Siamo arrivati a Venezia e anche se sembrano mancare sponsor e latitano le strutture avveniristiche in cui sponsor di bevande, spesso alcoliche (se vi chiedete il perché di recensioni incomprensibili dai festival, ora sapete), rifocillano giornalisti e si fanno pubblicità, non è mancato comunque l’adeguato comitato d’accoglienza. E non parliamo di Josh Brolin e Jake Gyllenhall, ma del caldo umido e delle immancabili zanzare, così grandi e golose che dovrebbero essere costrette a far l’accredito – costosissimo, 60 euro – anche loro.
Tutto questo però non ci ha impedito di goderci Everest 3D, il film inaugurale fuori concorso. Ma prima della recensione è giusto leggere attentamente la seguente avvertenza: se Jon Krakauer volesse fare una gita con voi, scrivere la vostra biografia o anche solo invitarvi per un aperitivo, voi declinate cortesemente. Non sottovalutate questo suggerimento: è questione di vita o di morte. Il buon Jon, infatti, è uno straordinario giornalista e sa raccontare epiche tragedie con una penna straordinaria, ma se decide di camminarvi accanto, dall’altro lato vi terrà a braccetto la grande mietitrice. Fu lui a raccontarci Christopher McCandless in Into the Wild, poi divenuto l’omonimo film di Sean Penn con un grande Emile Hirsch (che fa una pessima fine), è lui in Aria Sottile (edito da Corbucci in Italia) a raccontarci la storia della spedizione himalayana più sfortunata dell’ultimo quarto di secolo, raccontata in Everest, appunto. E se di Chris lesse i diari e raccontò la storia, di questo viaggio di conquista e di morte è stato addirittura tra i protagonisti e superstiti (nel film è interpretato da Micheal Kelly).
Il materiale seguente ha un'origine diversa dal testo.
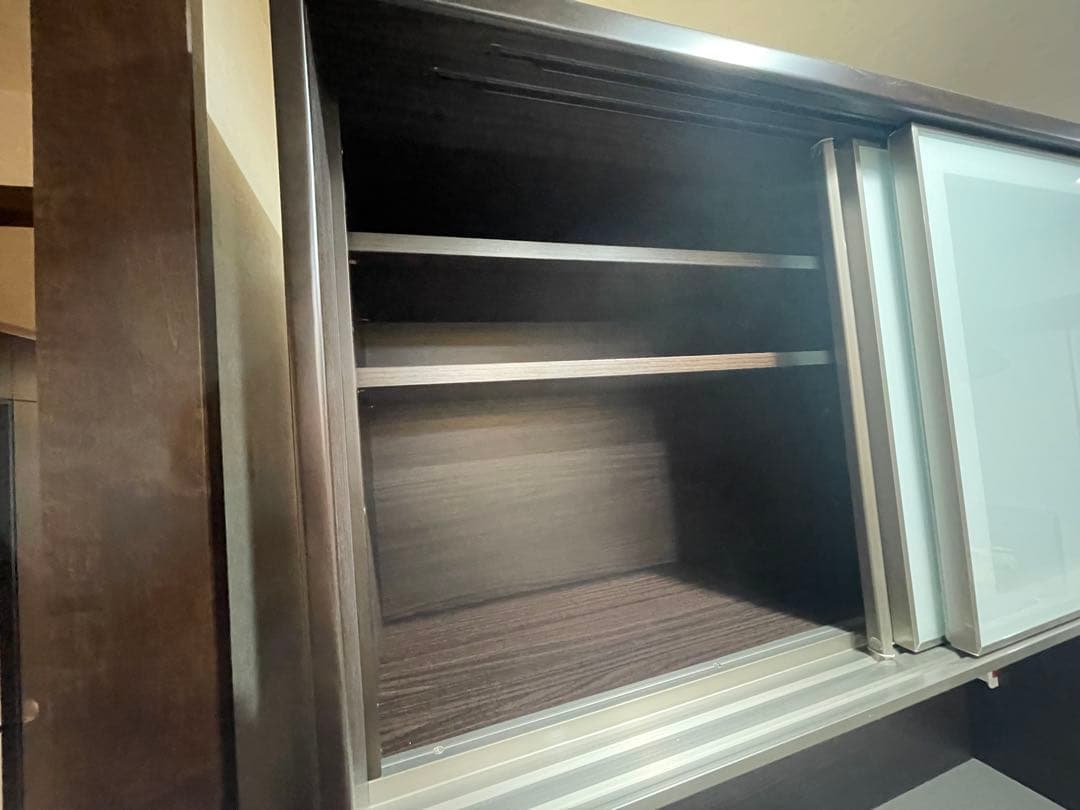 【お買い得】送料込 ニトリキッチンボード アルミナ２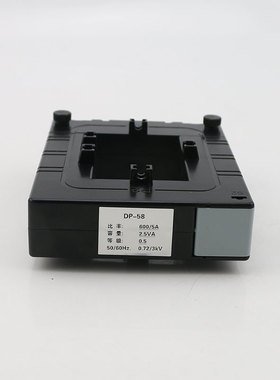 上海人民开合式电流互感器DP-58300/50/开口式电流互感器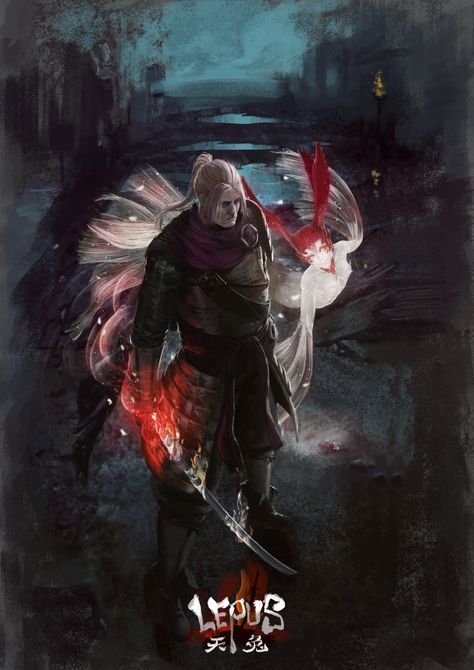 NIOH, Andy Leung on ArtStation at https://www.artstation.com/artwork/V41n5 Sekiro Combat Art, Divine Dragon Sekiro, Sekiro Shadows Die Twice, Dark Souls Gravelord Nito, Rage Game, Geek Cave, Musashi Samurai Legend, Witcher Monsters, Video Games Ps4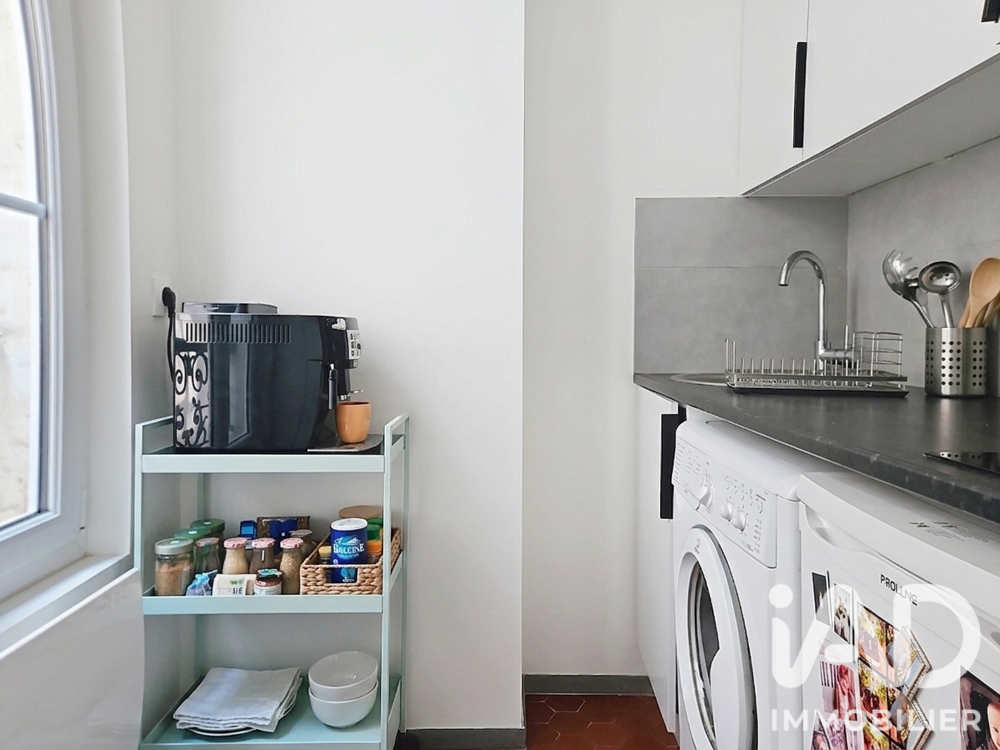 Vente Appartement Vente Appartement 1 pièce Paris 12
È giusto dire subito che rispetto alla complessità e alla potenza del libro, l’opera del regista islandese già autore di 101 Reykyavìk – il suo folgorante esordio – e Two Guns, action fracassone americano con Mark Wahlberg e Denzel Washington, è un sunto tanto spettacolare quanto semplificato. Non sentirete addosso l’ossessione degli alpinisti, professionisti e dilettanti, né verrete stupiti dalla logica surreale che la mancanza di ossigeno regala agli scalatori. I ritmi e la struttura sono quelli del drammone hollywodiano, sia pur nella non abituale ambientazione di una montagna mitica e implacabile come quella domata per la prima volta da George Everest. Non sa decidersi, Kormàkur, tra i toni intimisti del dramma solitario di una collettività spezzata dalla ferocia della natura, e quelli spettacolari di un 3D al servizio di un panorama terribilmente meraviglioso (e viceversa). E quando sceglie, forse sbaglia nell’assecondare questi ultimi, sottolineandoli con una colonna sonora prevedibile e invadente.
Ciò non toglie che questo kolossal – 65 milioni di dollari di budget – riesca a conquistarti, pur nella sua discontinuità. Bella è la scelta del regista di scombinare le carte tra divi e apparenti comprimari, non avendo pietà così come fa l’alta montagna che sa mettere ko quel Jake Gyllenhall che era rimasto in piedi dopo i pugni di Southpaw, di “banalizzare” il machismo di Josh Brolin, di relegare a un impotente emarginazione una difficilmente riconoscibile Keira Knightley. I rari momenti di fragilità e poesia – un paio o poco più – spezzano i ritmi compassati e non di rado scontati del suo lungometraggio, infine la macchina da presa arriva a domare ciò che la scrittura non riesce forse neanche a comprendere.
Ed è anche giusto così, probabilmente. Come si può capire cosa succede oltre gli ottomila metri, quando sei solo contro tutto, quando l’aria rarefa pensieri e movimenti? Non si può, come non è possibile capire decisioni, emozioni, follie che oltrepassano la razionalità. Chi ha visto quelle vette, non può essere normale. Ed è per questo che dispiace che Kormàkur alla cima della sua arte non ci arrivi: serviva un capolavoro, è arrivato “solo” un buon film, che nelle sale italiane uscirà il 24 settembre.